## TO DO
The records below must be written out exactly, with every picture left behind.

Records contained in a dataset:
· · · · · · ·
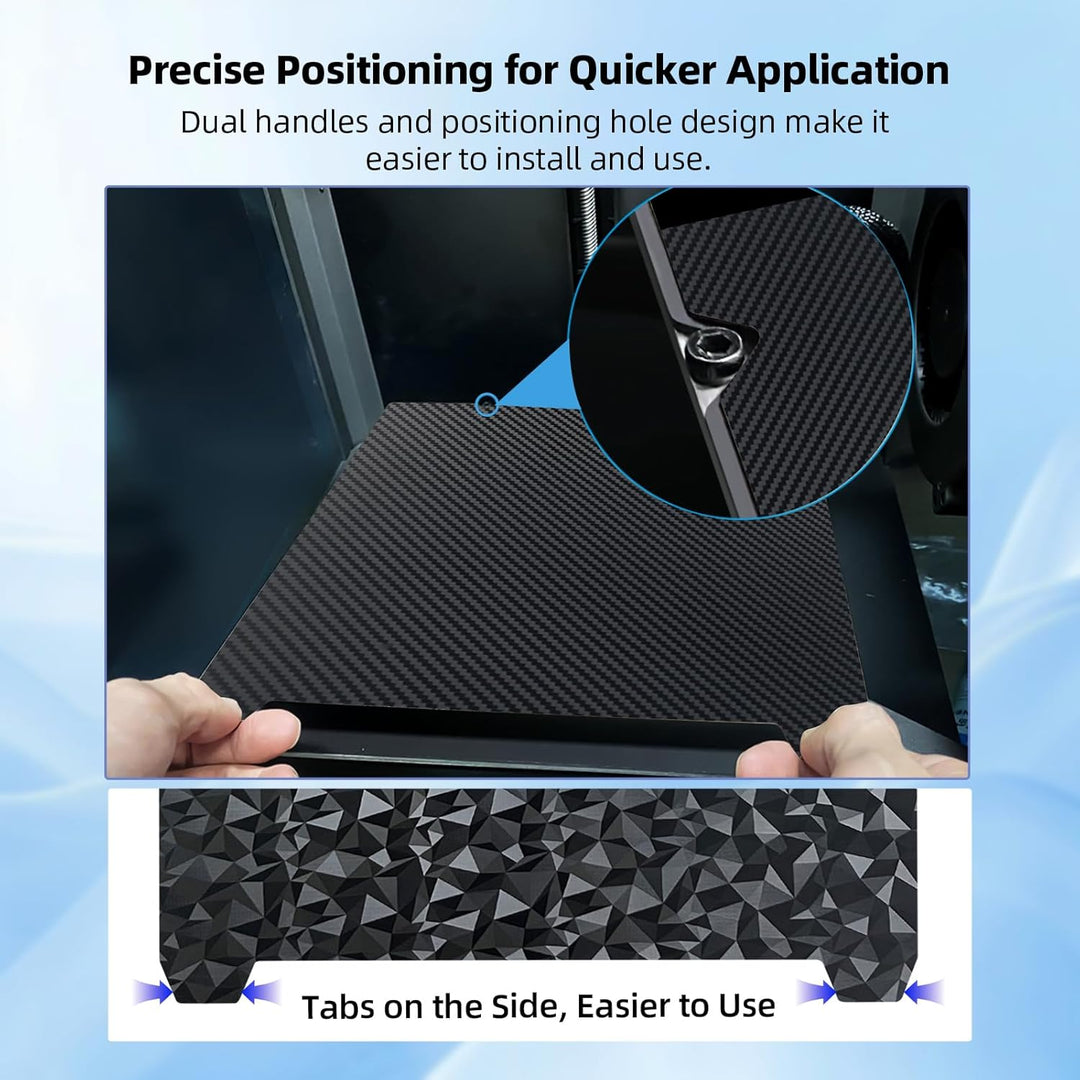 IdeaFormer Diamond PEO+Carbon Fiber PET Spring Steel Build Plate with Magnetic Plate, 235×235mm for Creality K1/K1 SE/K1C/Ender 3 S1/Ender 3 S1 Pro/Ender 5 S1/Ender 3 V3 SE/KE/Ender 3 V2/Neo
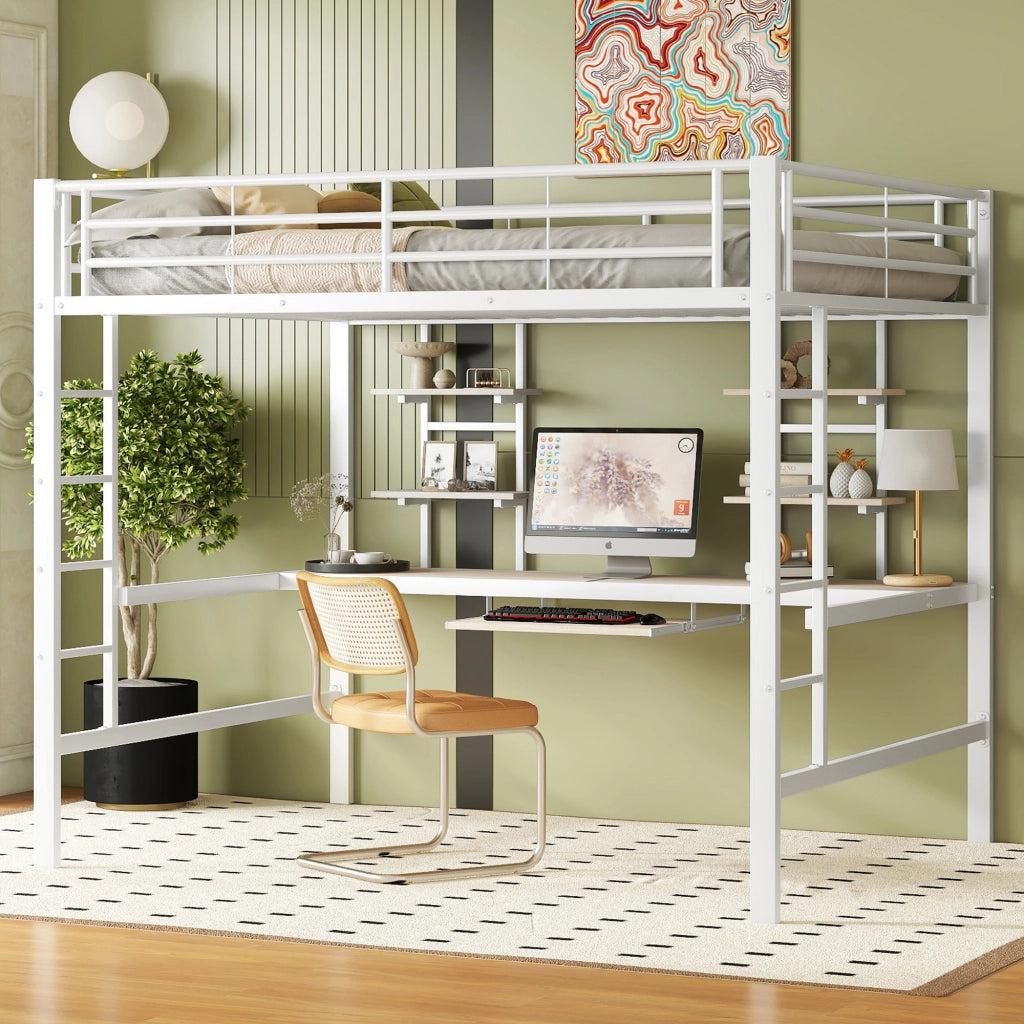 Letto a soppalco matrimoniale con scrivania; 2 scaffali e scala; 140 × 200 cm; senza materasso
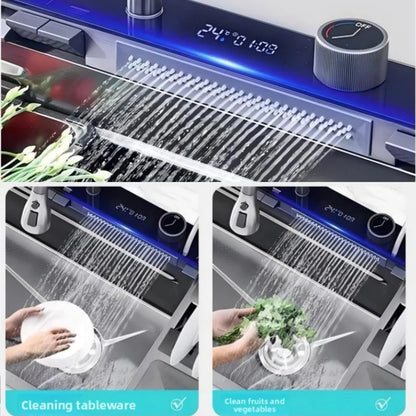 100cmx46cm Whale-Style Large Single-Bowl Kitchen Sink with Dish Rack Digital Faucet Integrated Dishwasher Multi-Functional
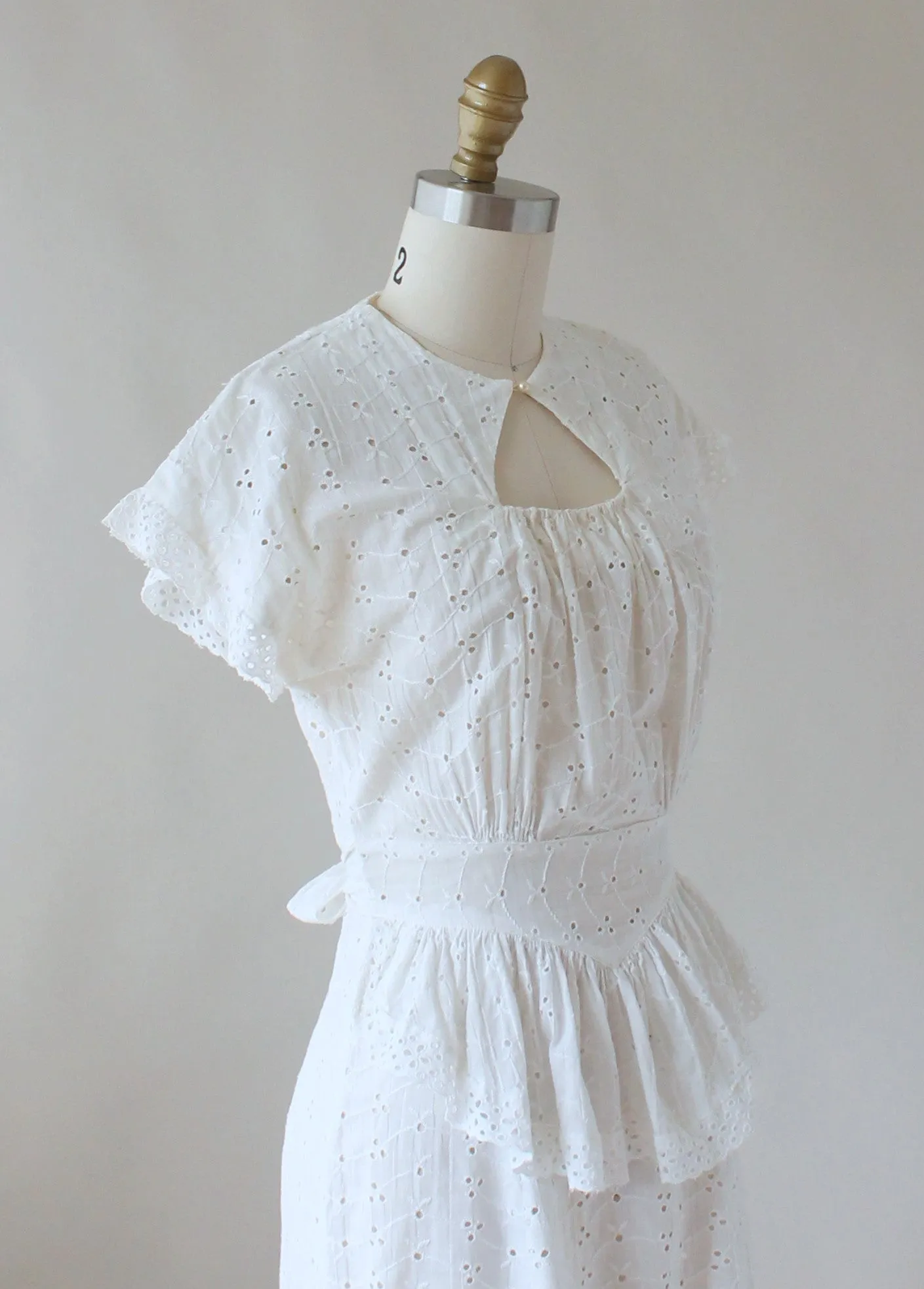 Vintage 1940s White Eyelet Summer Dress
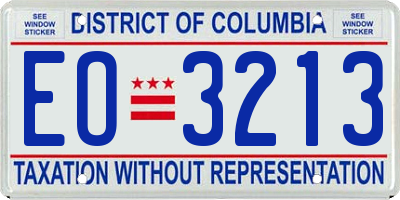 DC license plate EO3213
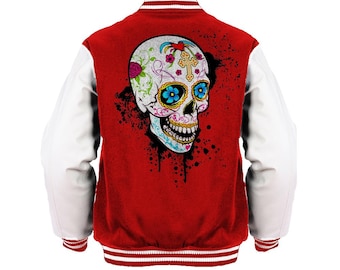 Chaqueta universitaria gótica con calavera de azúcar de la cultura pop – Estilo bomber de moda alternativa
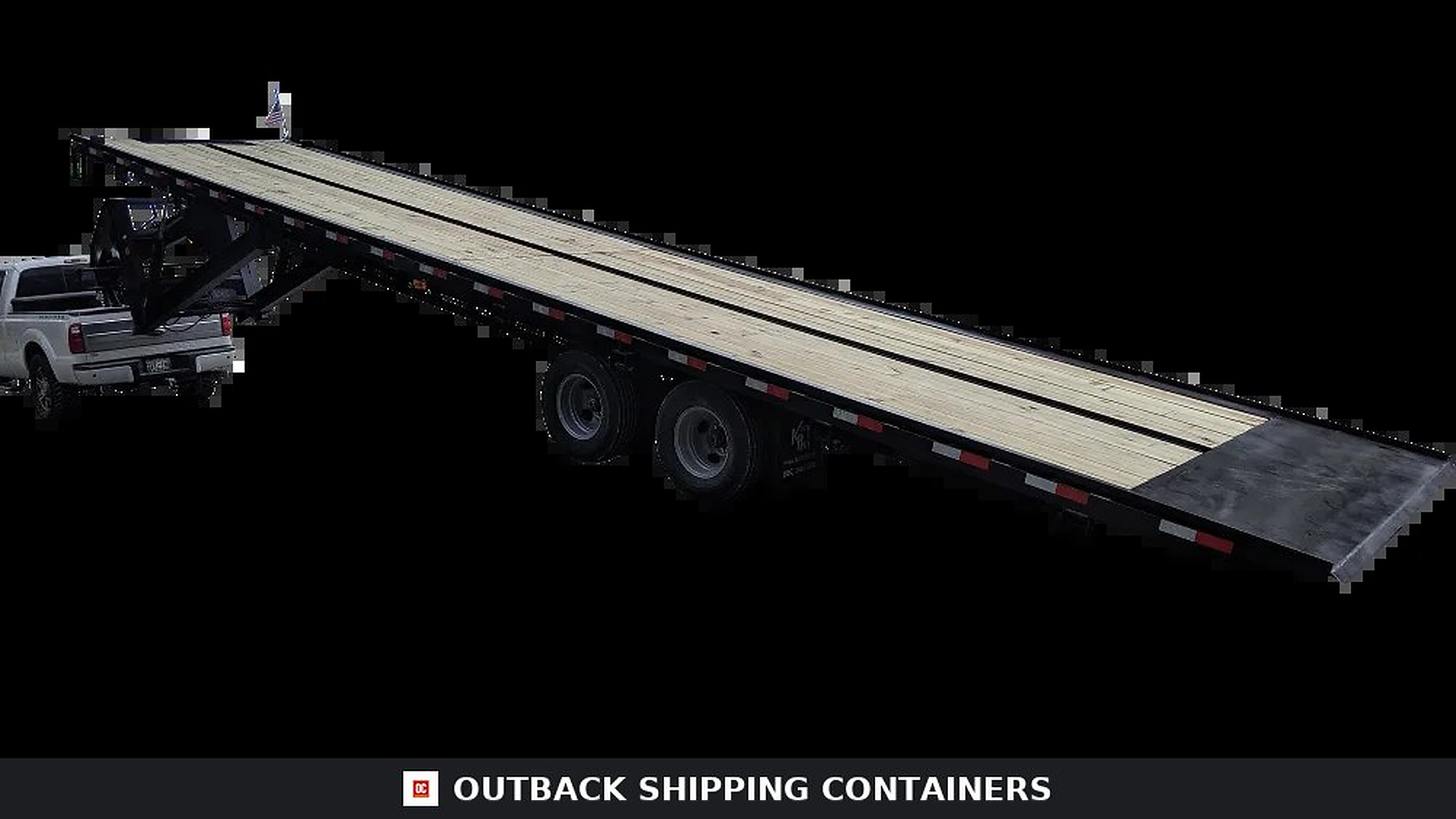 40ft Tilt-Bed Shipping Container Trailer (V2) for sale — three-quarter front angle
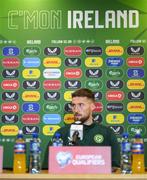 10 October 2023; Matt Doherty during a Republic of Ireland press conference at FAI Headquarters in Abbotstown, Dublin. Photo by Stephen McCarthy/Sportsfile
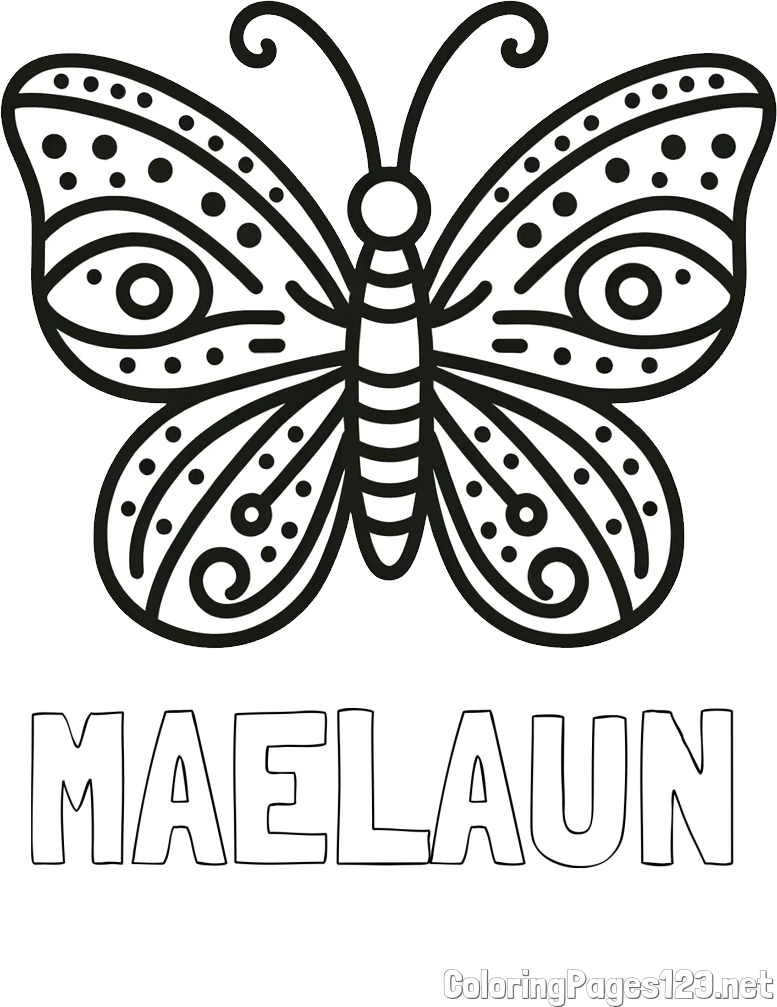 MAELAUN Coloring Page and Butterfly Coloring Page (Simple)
· · · · · · ·
## ANSWER BOX
 IdeaFormer Diamond PEO+Carbon Fiber PET Spring Steel Build Plate with Magnetic Plate, 235×235mm for Creality K1/K1 SE/K1C/Ender 3 S1/Ender 3 S1 Pro/Ender 5 S1/Ender 3 V3 SE/KE/Ender 3 V2/Neo
 Letto a soppalco matrimoniale con scrivania; 2 scaffali e scala; 140 × 200 cm; senza materasso
 100cmx46cm Whale-Style Large Single-Bowl Kitchen Sink with Dish Rack Digital Faucet Integrated Dishwasher Multi-Functional
 Vintage 1940s White Eyelet Summer Dress
 DC license plate EO3213
 Chaqueta universitaria gótica con calavera de azúcar de la cultura pop – Estilo bomber de moda alternativa
 40ft Tilt-Bed Shipping Container Trailer (V2) for sale — three-quarter front angle
 10 October 2023; Matt Doherty during a Republic of Ireland press conference at FAI Headquarters in Abbotstown, Dublin. Photo by Stephen McCarthy/Sportsfile
 MAELAUN Coloring Page and Butterfly Coloring Page (Simple)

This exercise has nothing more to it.